Теперь он, казалось, совсем успокоился и на самом деле поверил в то, что Юля отлучалась за мороженым.
– Как вы думаете, они придут? – спросил он, грустно и устало улыбаясь, словно разговор с Лешевичем дался ему чуть ли не кровью.
– Уверена, что придут. И если даже корреспондент не сможет, Щукина придет. Я для нее сейчас как кусок свежего сыра для мыши.
* * *
Они пришли ровно в десять. Оба: Щукина и Лешевич. Она – в розовом пальто, благоухающая ночным дождем и духами и внешне напоминающая растрепанную одичавшую пышную розу, мокрую и душистую, свежую и прекрасную, настолько ее украшала беременность.
* * *
Он – серая невзрачная личность (запакованная в костюм-тройку мышиного цвета) с серыми волосами, серыми глазами. Картавя, он с порога начал нести сущий бред о политической обстановке в России, сбиваясь на гастрономические темы, из чего Берестов сделал вывод, что Лешевич страшно голоден и ждет не дождется, когда же его пригласят поужинать.
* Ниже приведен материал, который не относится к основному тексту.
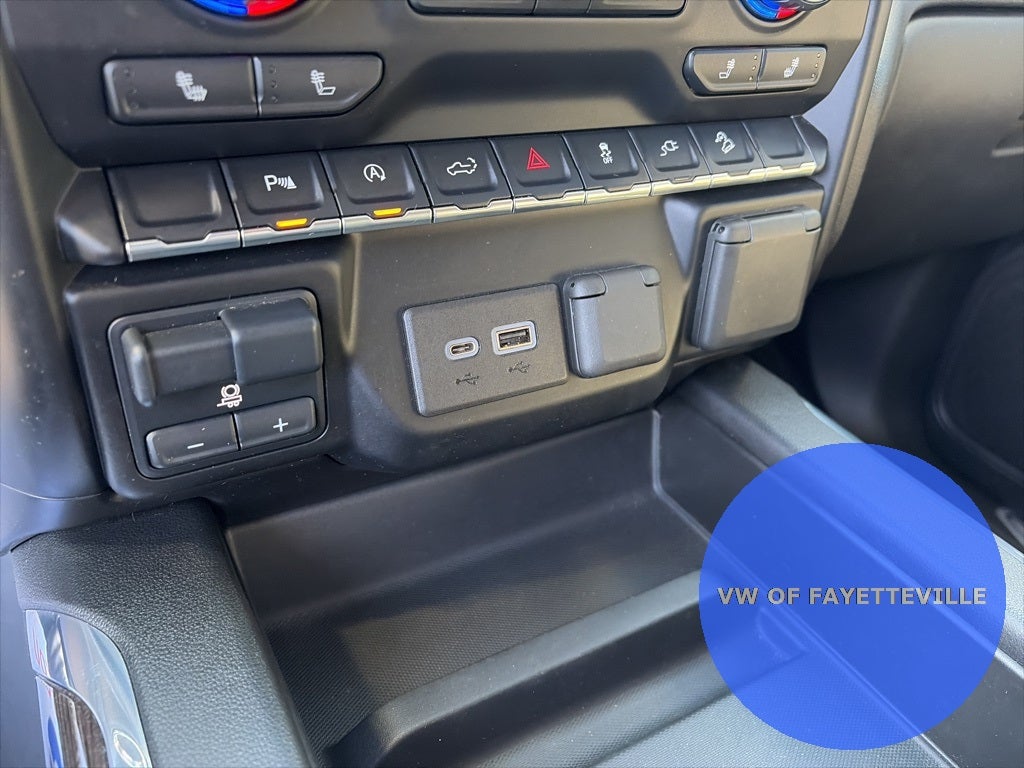 2020 Chevrolet Silverado 1500 LT Trail Boss PRO COMP LIFT NEW TIRES LOADED!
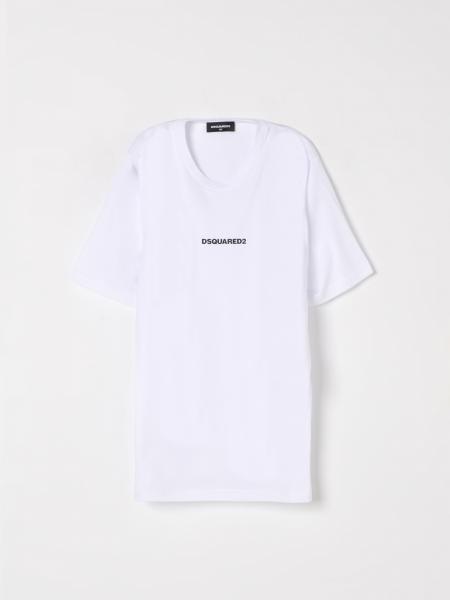 Dsquared2: T-shirt Jungen Dsquared2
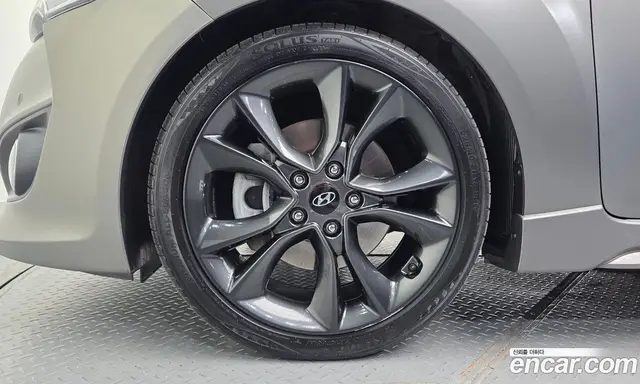 Hyundai Veloster 2016 1.6 АКПП, миниатюра 5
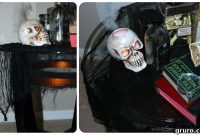 Spectral Swathes: Elevate Your Haunt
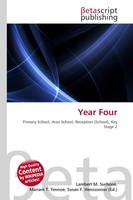 Lambert M. Surhone (U. A.) | Year Four | Taschenbuch | Englisch (2026)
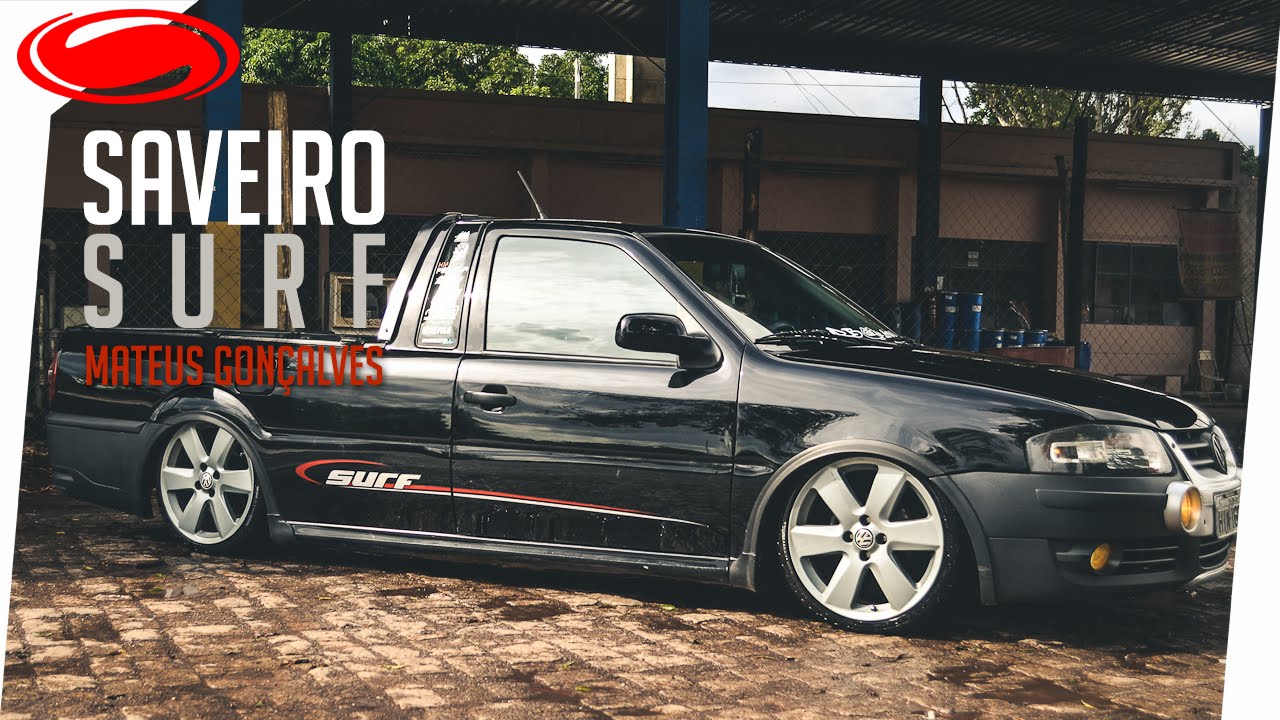 Saveiro encontrada, rumo ao BGT -  Mateus | SPARRADOS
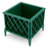Metal Pot Planter
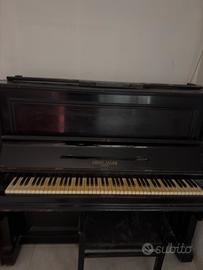 Pianoforte ERNST Jacob Berlin nero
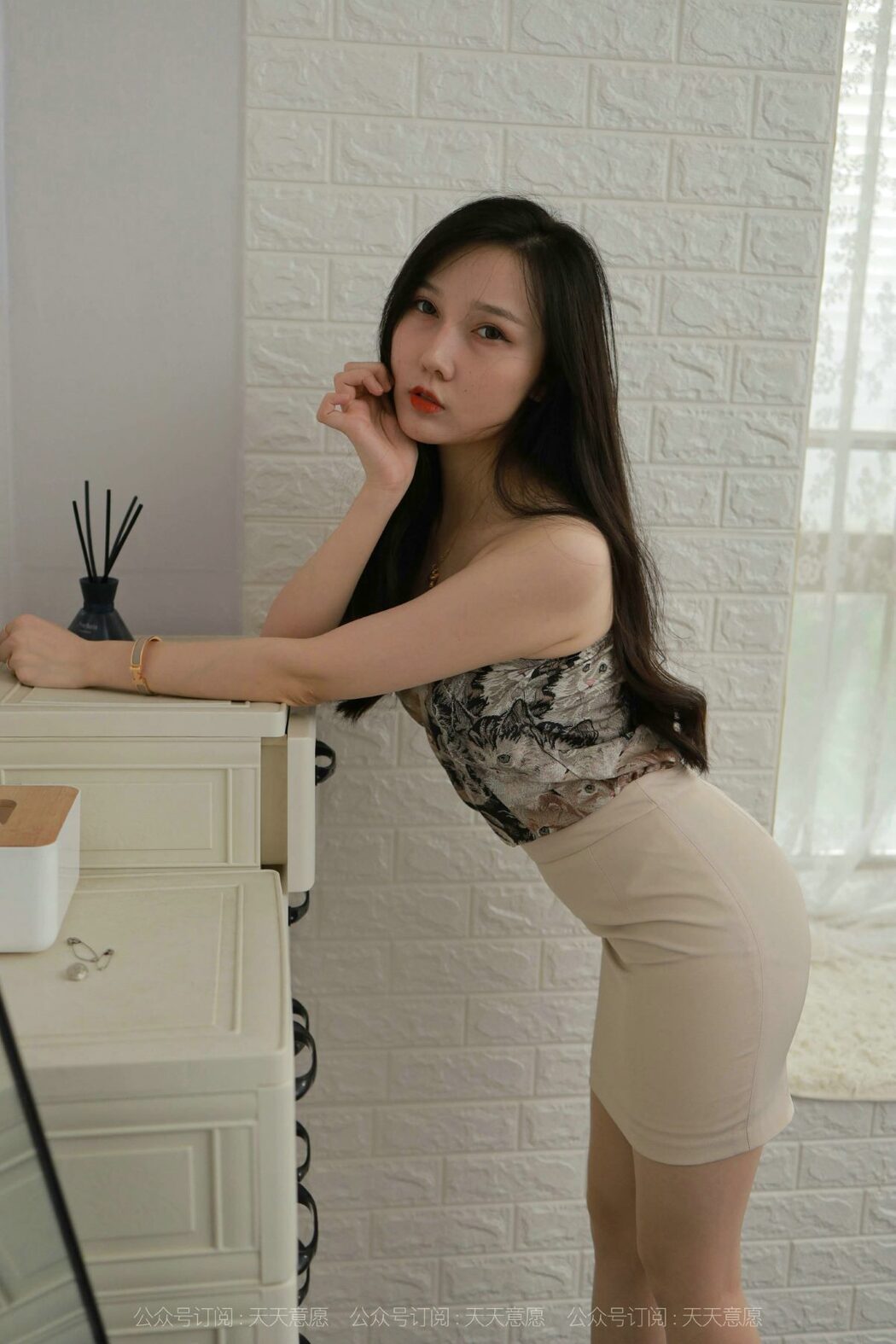 IESS异思趣向 No.903 Wen Xin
Юля смотрела на Щукину, и ей хотелось плакать. Нет, никогда она не будет выглядеть так роскошно, как Щукина, как женщина, упивающаяся любовью к любимому мужчине. И даже если она сейчас начнет откровенно врать, придумывая на ходу, что Крымова в Париже нет, что он в Москве или Самаре, Владивостоке или Костроме, ее глаза не обманут искушенную Земцову: Крымов здесь, где-то рядом, но Щукина, как истинно преданная жена, сделает все, чтобы не проговориться на этот счет. Она не доверяет Юле, хотя и пришла сюда.